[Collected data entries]
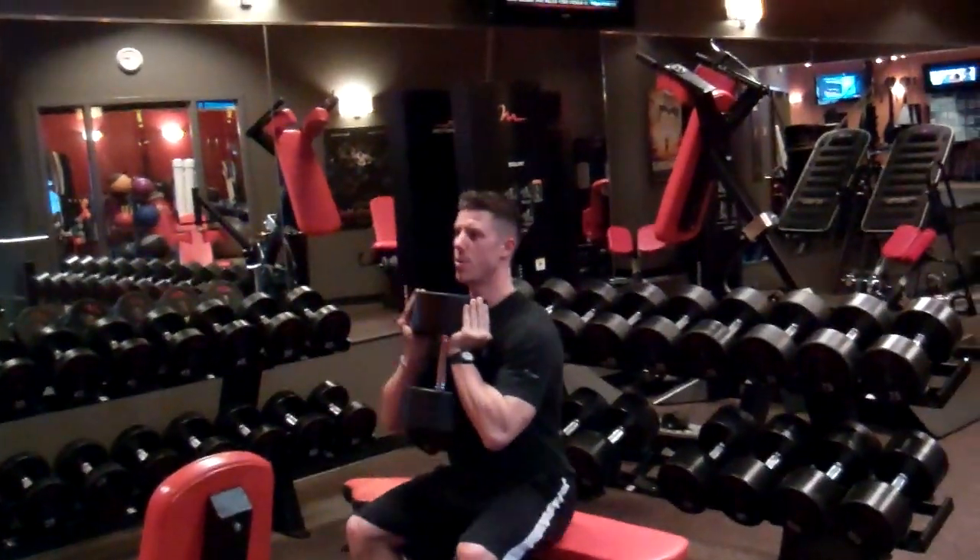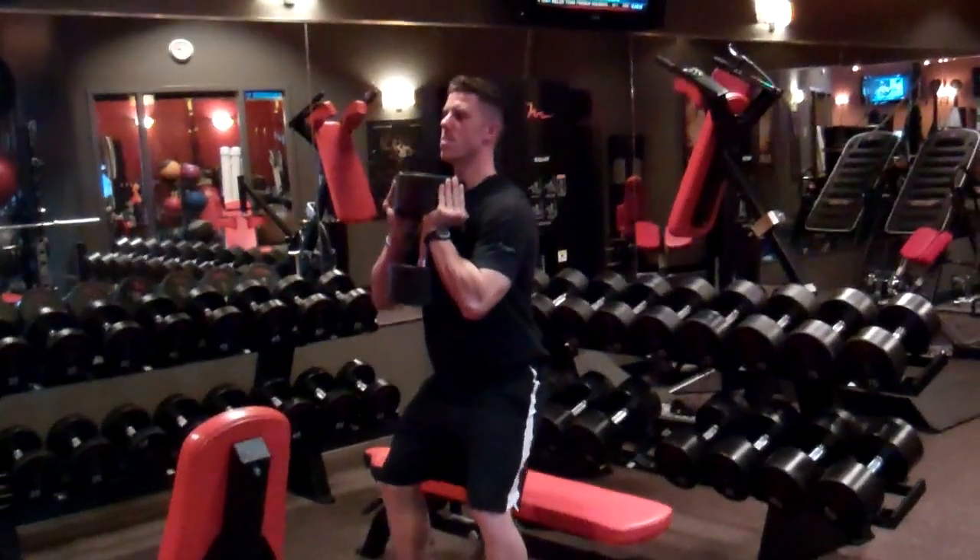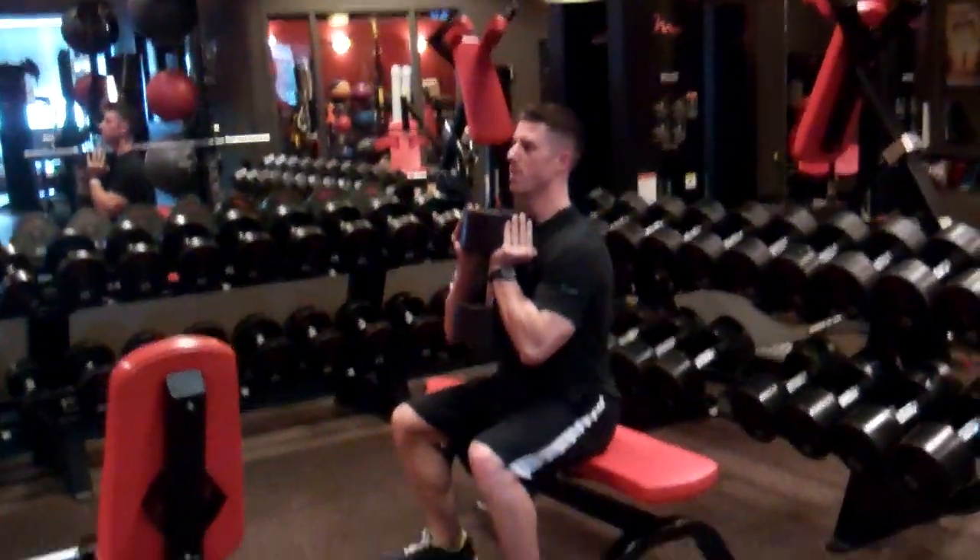How's it going guys? I've got another challenge for you. We're doing a half body weight squat down to a box, holding it in goblet style.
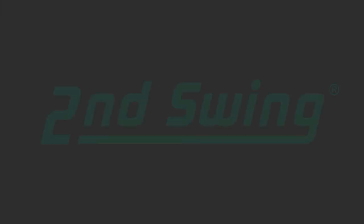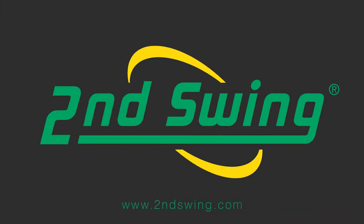I am Thomas Campbell with Second Swing Golf. Hopefully these tips will give you better results.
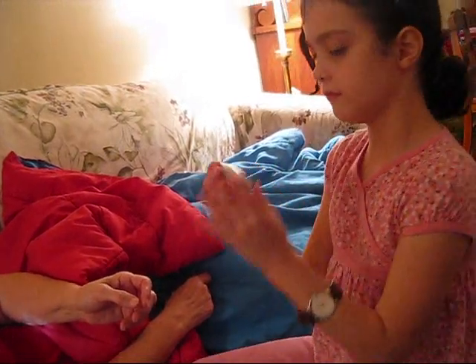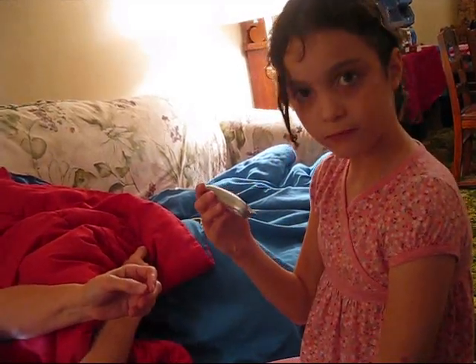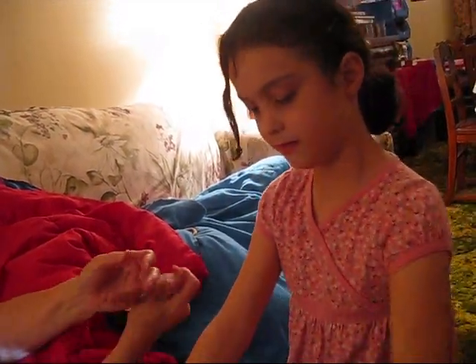Now, if you say 25, does it say 25? Yeah, in a minute. Does it say 25? It did. Now it says leaking blood? Okay. Let's try this finger now.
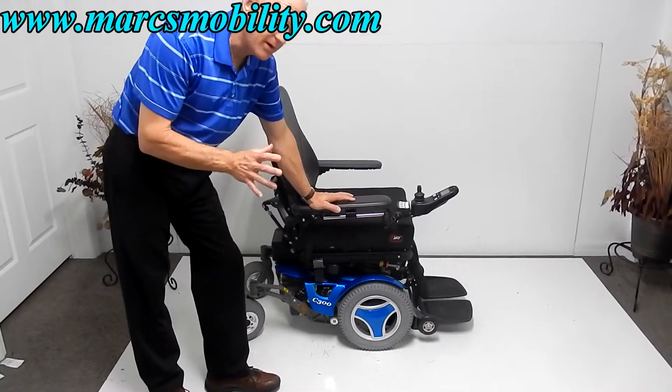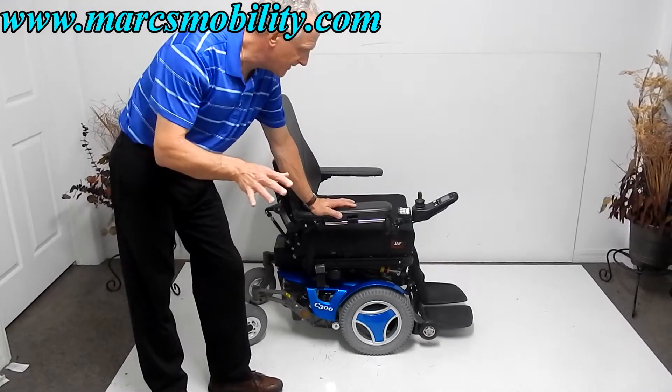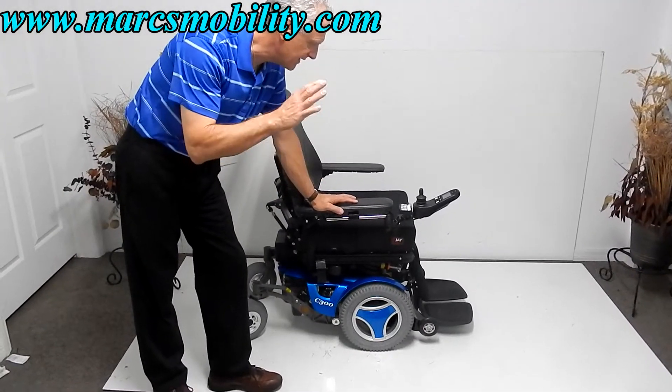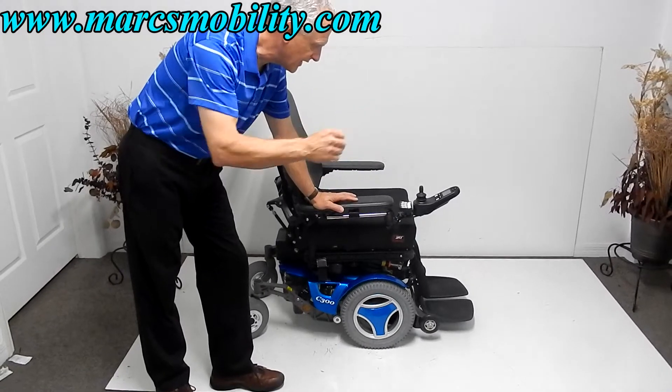This is a Permobil C300 power chair, and it is fully loaded. It has an 8-inch seat lift, electric tilt, electric recline, and the legs are electric.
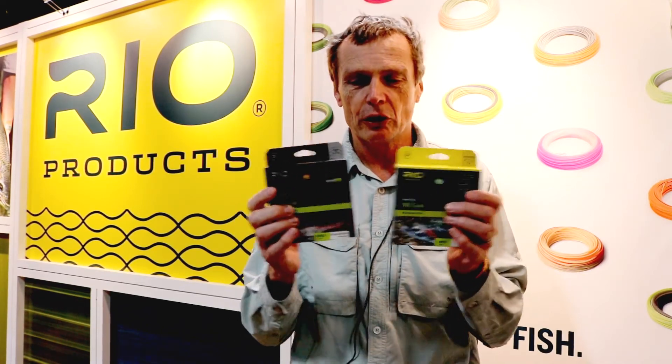So look for the Rio Gold. If you want a trout line and you like the sensitivity of low stretch, get the black box. If you want a bit of elasticity in your fly line — maybe you're fishing light tippets to protect them — then the green box is what you want. So look for the Rio Gold; you can get it from Fish USA.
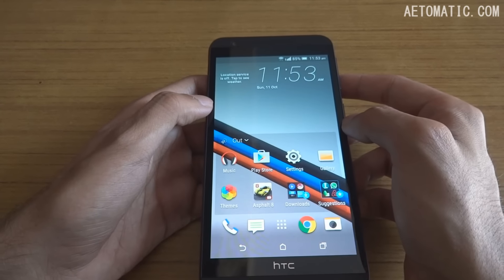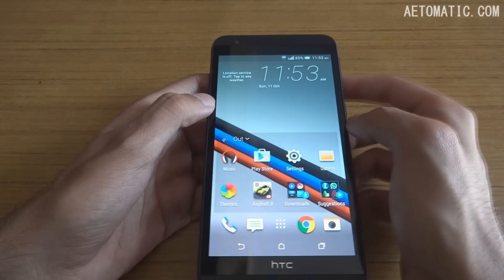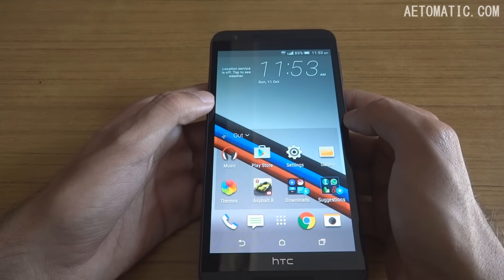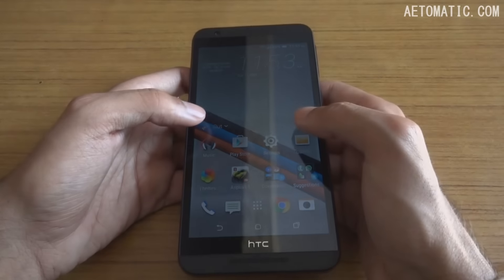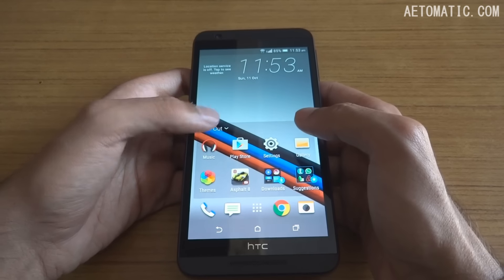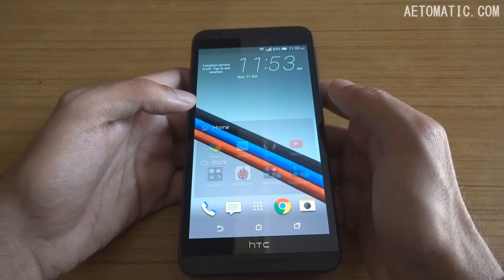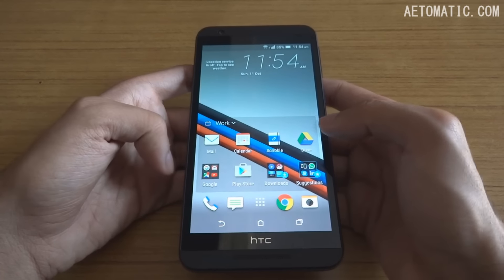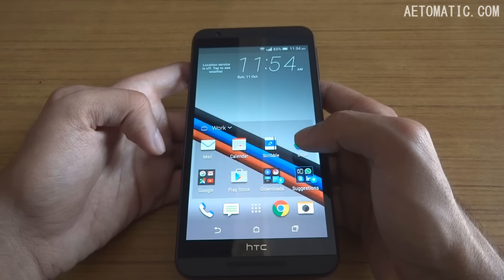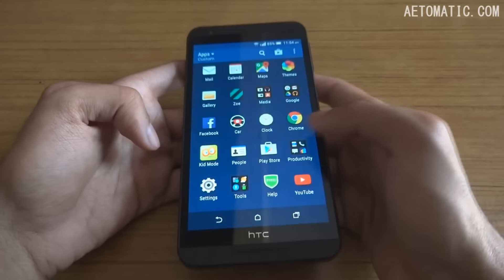I usually remove most of the widgets from my home screen, but this small dynamic box is pretty useful. It has three sets of different apps for different occasions — when you're outside, at home, or at work. You can add or remove applications according to your liking, making it a quick toggle between most-used apps without going into the main app drawer.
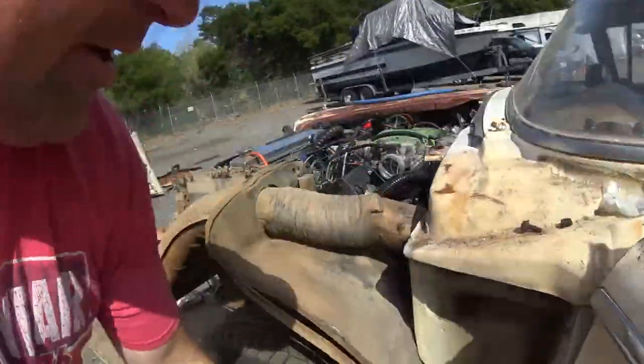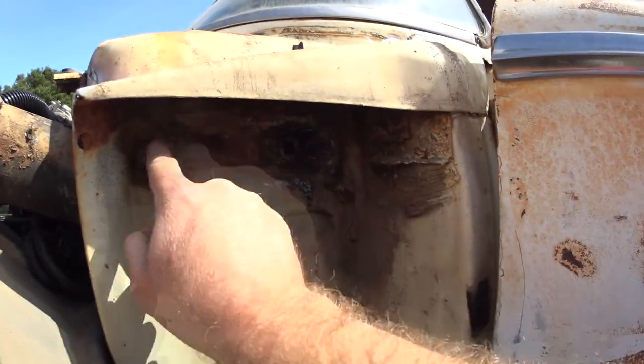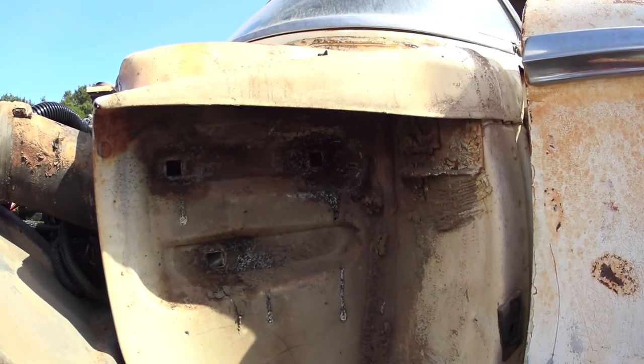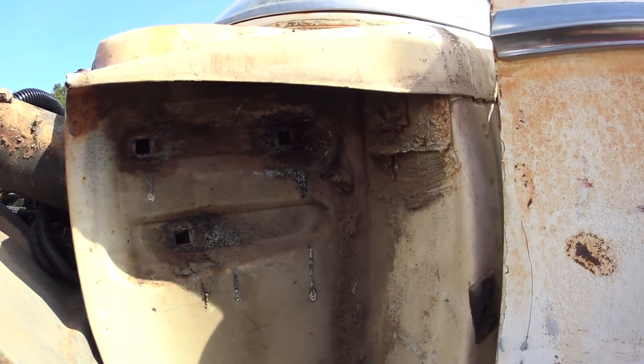I can use the old grinder here to clean off the paint and gunk from around these so when we go to tack weld the washers and nuts on, the weld can bite to it without trying to burn through the paint - just makes it weld easier.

## Work to be completed
When you reach the line that has "I am Thomas" in the data above, start repeating lines exactly, and stop after the line that has "Now, if you"; pictures stay out.

## Result below
I am Thomas Campbell with Second Swing Golf. Hopefully these tips will give you better results.
Now, if you say 25, does it say 25? Yeah, in a minute. Does it say 25? It did. Now it says leaking blood? Okay. Let's try this finger now.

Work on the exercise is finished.